Après la mort d'un médecin militaire français mardi 2 avril tué au Mali lors de l'explosion d'une bombe artisanale, franceinfo s'intéresse à ces professionels de santé engagés dans l'armée. Actuellement, plus de 1 500 médecins et infirmiers français sont déployés en opérations extérieures. 

La présence de médecin est obligatoire sur les missions

Etre infirmier ou médecin militaire, c'est avoir à la fois une arme et une trousse de secours, et être capable d'utiliser les deux. "Je n'ai aucun scrupule à utiliser mon famas Ma priorité est de vivre.
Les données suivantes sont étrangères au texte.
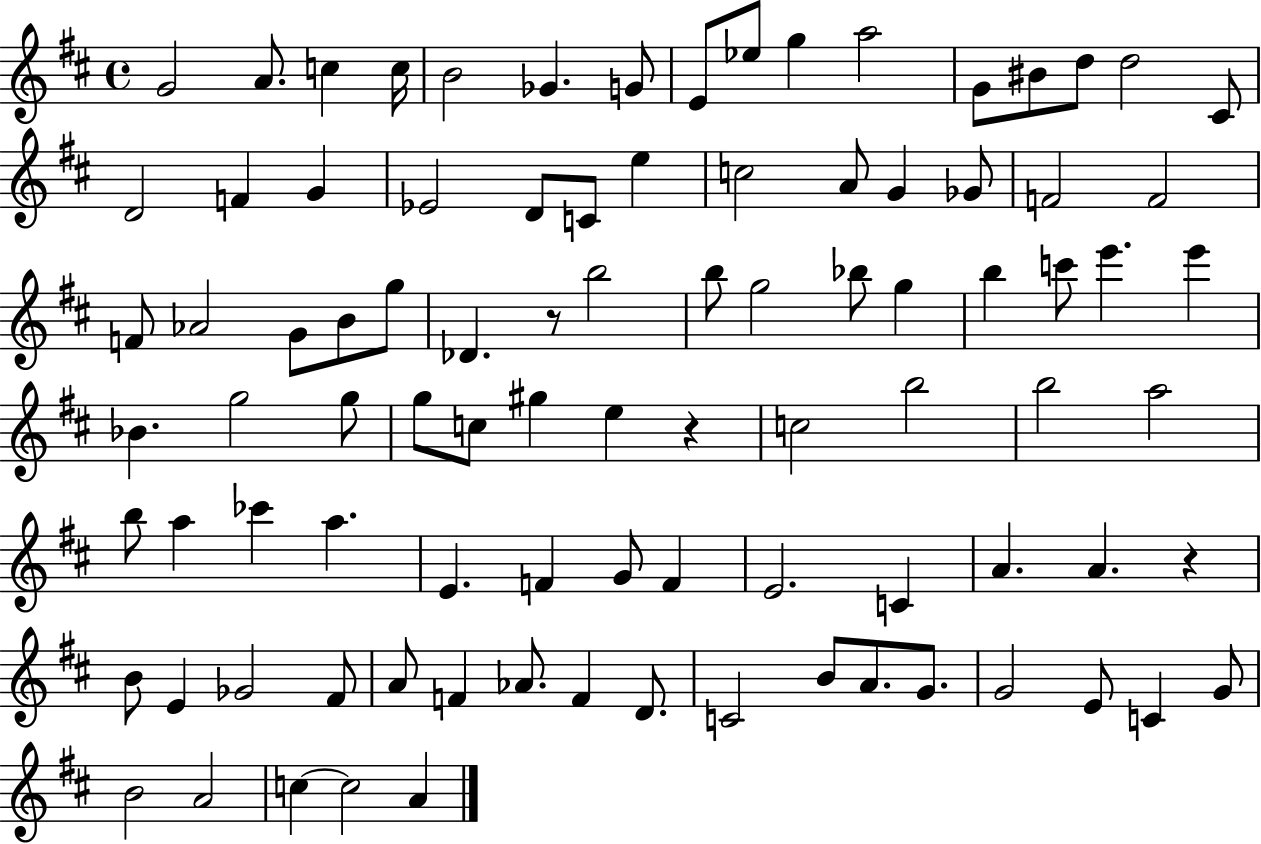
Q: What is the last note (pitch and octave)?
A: A4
Morte, je ne peux soigner personne", explique l'une de ces médecins. Aujourd'hui au Sahel, ne pas avoir de médecin intégré à un détachement, à une patrouille, est un critère de "no-go". Autrement dit : pas de médecin, pas de mission.
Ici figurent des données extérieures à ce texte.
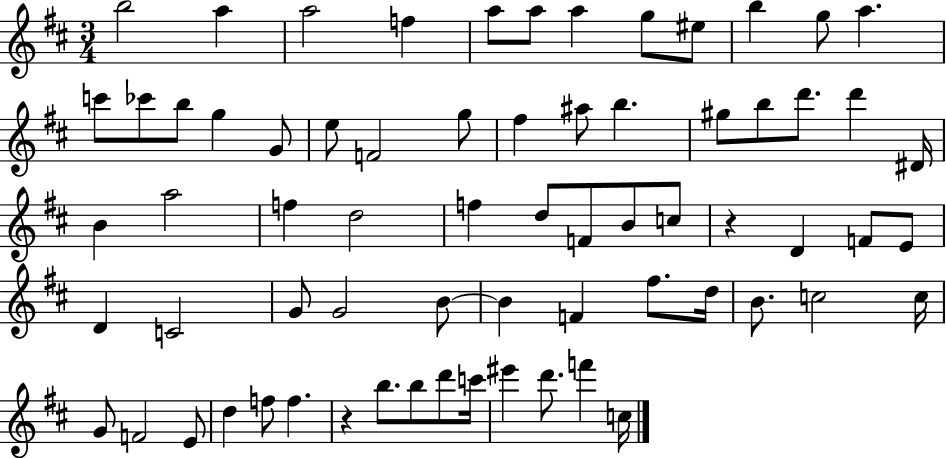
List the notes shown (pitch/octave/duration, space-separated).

Ces femmes et hommes du service de santé des armées vivent dans les mêmes conditions que les soldats, roulent dans le même genre de véhicule blindé. La carapace de l'engin est similaire, mais l'intérieur est aménagé comme une ambulance. "C'est une trousse qui permet de prendre en charge les hémorragies, les problèmes respiratoires à cause du blast mais aussi à des plaies par balles", racontait il y a quelques mois à franceinfo, la médecin principale Laurène. 

Une relation particulière avec les soldats 

Ces hommes de santé sont bien sûr entrainés à répondre à la menace principale au Mali. Il s'agit de ces bombes artisanales en bord de route, comme celle qui a tué mardi le médecin capitaine Marc Laycuras. La médecin principale Laurène s'était confiée à franceinfo sur son travail et sur ses relations avec les soldats. "Il y avait ce petit plus de prendre en charge des militaires qui s'engagent pour la France. Je me suis dit, je vais vraiment être utile vis à vis d'eux, raconte-t-elle. Moi ce qui me plait aussi, c'est quand il y a des pannes par exemple, tout le monde met la main à la pate pour trouver des astuces. Tout le monde est solidaire face à la difficulté, je trouve ça beau."
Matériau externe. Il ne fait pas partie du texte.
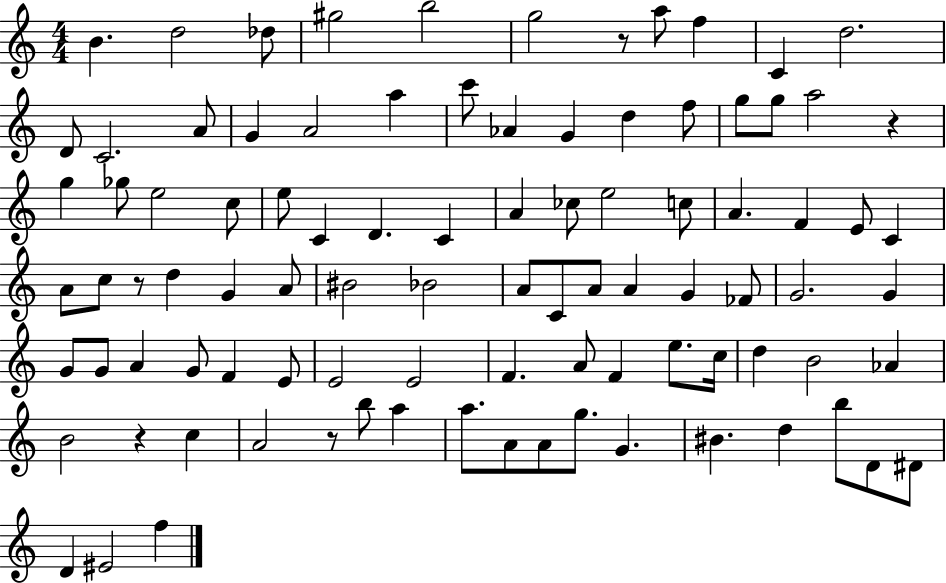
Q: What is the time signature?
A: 4/4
La rencontre avec la médecin avait eu lieu à Ménaka au Mali, là où les jihadistes y étaient très actifs. L'opération Barkhane y avait déployé des moyens lourds. Les groupes armés terroristes se sont ensuite déplacés vers la région du Gourma, à l'ouest de Gao, pour y créer un nouveau sanctuaire. C'est sur une piste de cette région que le médecin capitaine Marc Laycuras a été tué, quand son véhicule a explosé sur une mine artisanale. Il avait 30 ans et vivait sa première opération extérieure depuis le début de l'opération Barkhane. Sur les 10 morts au combat, sept ont été tués par une mine artisanale.